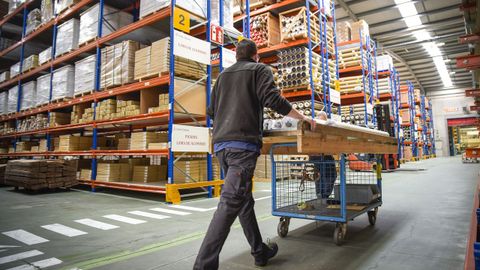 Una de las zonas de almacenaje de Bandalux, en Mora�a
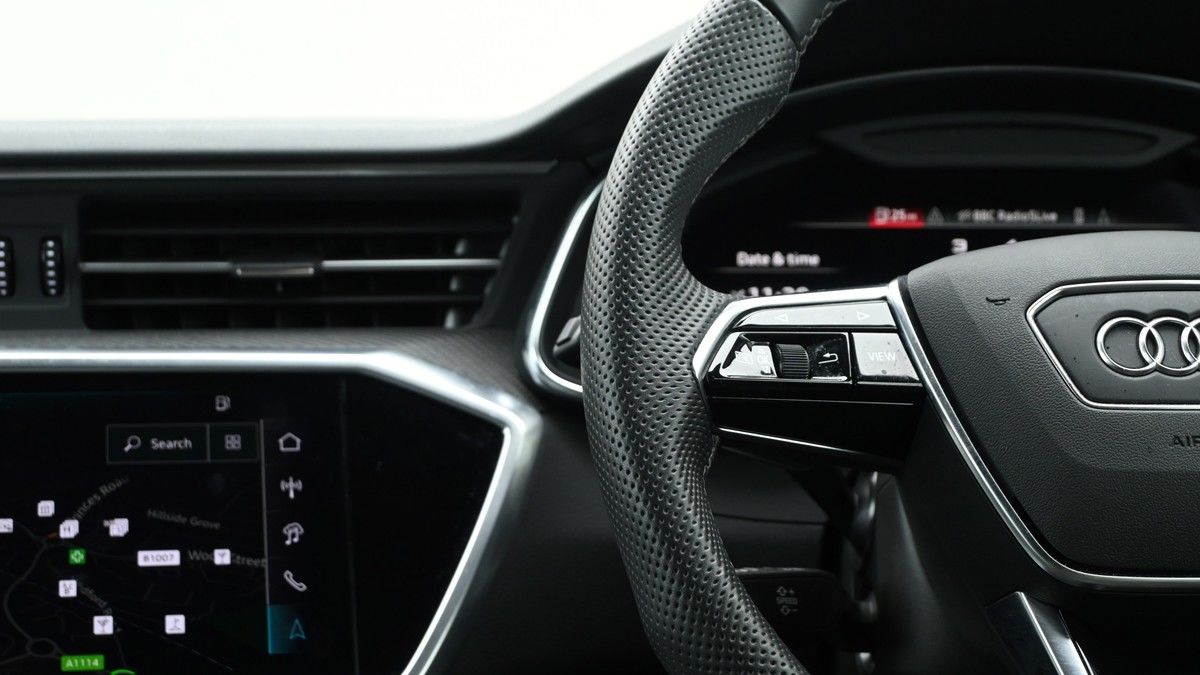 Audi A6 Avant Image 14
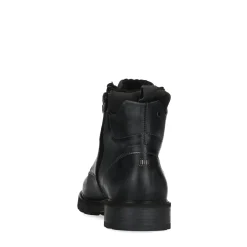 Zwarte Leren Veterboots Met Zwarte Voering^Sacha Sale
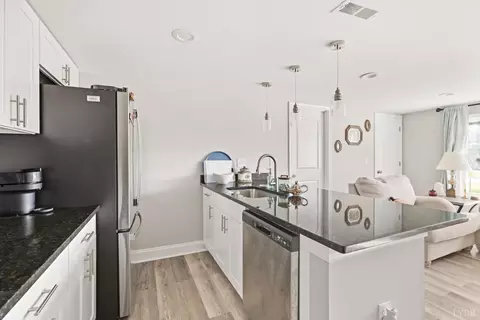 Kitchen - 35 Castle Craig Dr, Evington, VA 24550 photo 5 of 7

___

» **Assigned task**
Retype all of the listing word for word and skip the pictures.

» **Solution for this problem**
 Una de las zonas de almacenaje de Bandalux, en Mora�a
 Audi A6 Avant Image 14
 Zwarte Leren Veterboots Met Zwarte Voering^Sacha Sale
 Kitchen - 35 Castle Craig Dr, Evington, VA 24550 photo 5 of 7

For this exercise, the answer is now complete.